====== THE RECORDS
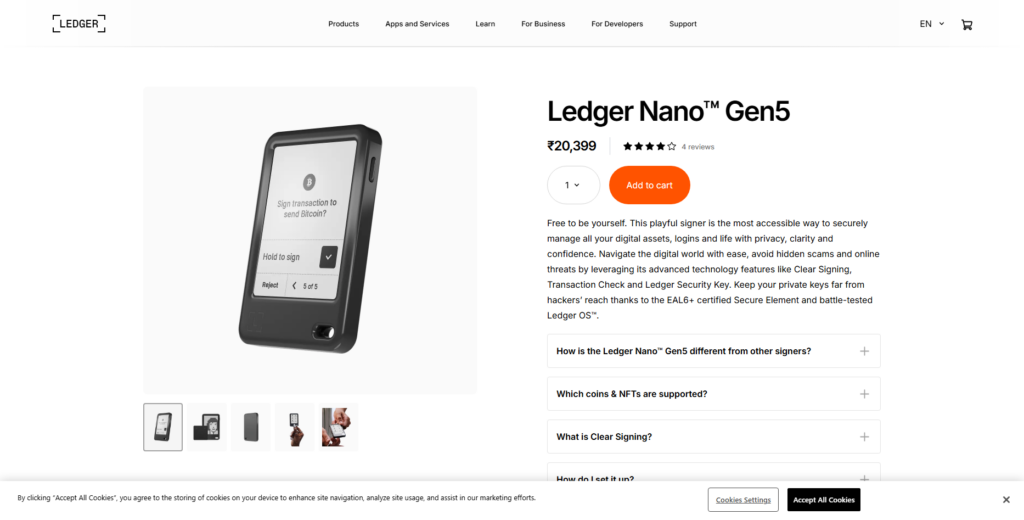Ledger Nano Gen5 Pros & Cons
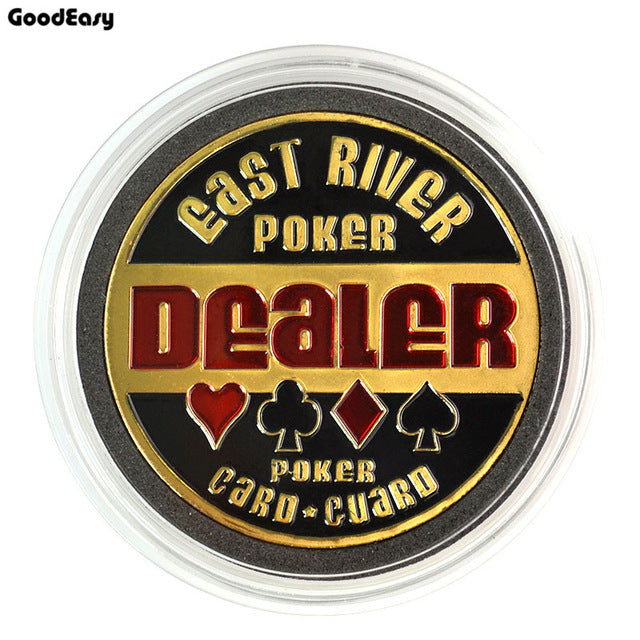 Metal Poker Card Guard Protector Poker Cards Metal Souvenir Poker Chips Dealer Coins
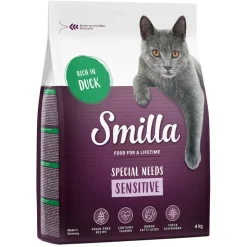 Økonomipakke: 2 x 4 kg Smilla kattefoder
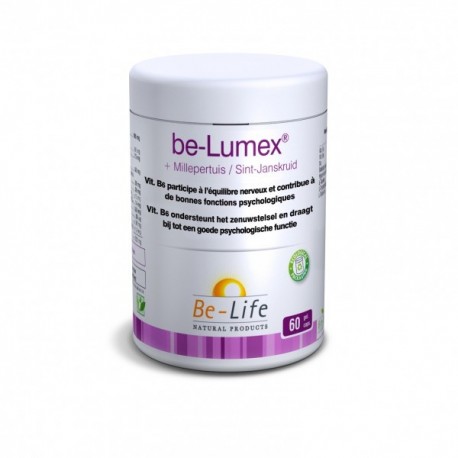 be-Lumex + Millepertuis 60 gélules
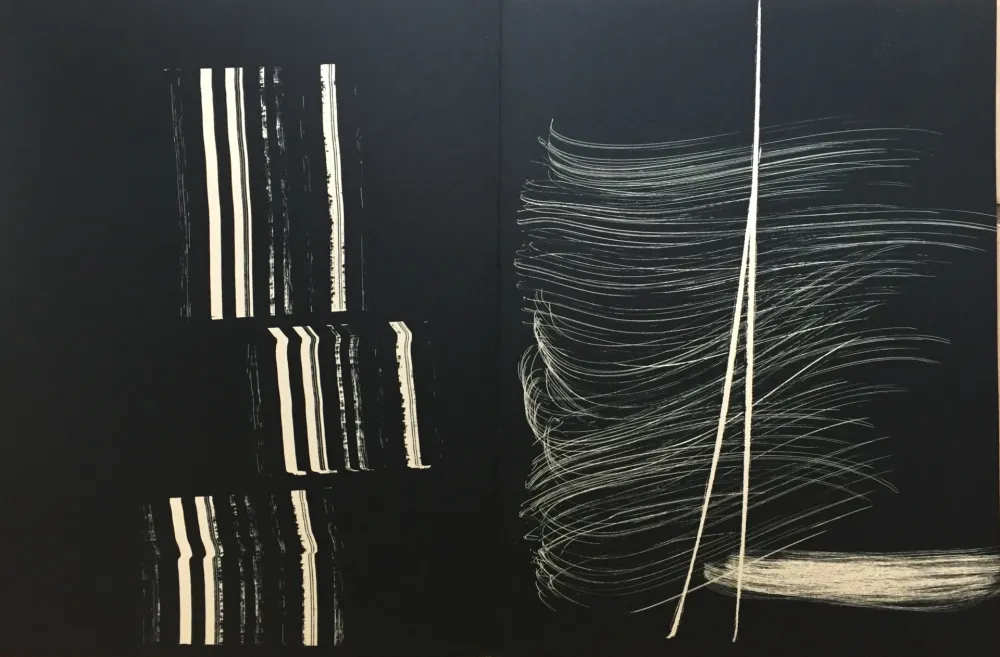 Lithograph Hartung - Farandole 10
============
■ WORK TO BE COMPLETED: Transcribe the lines that run from the line bearing "Økonomipakke: 2 x 4 kg Smilla kattefoder" through the last line of the data. Keep the wording exact and leave out every picture.

■ OUTPUT FOR THIS EXERCISE:
 Økonomipakke: 2 x 4 kg Smilla kattefoder
 be-Lumex + Millepertuis 60 gélules
 Lithograph Hartung - Farandole 10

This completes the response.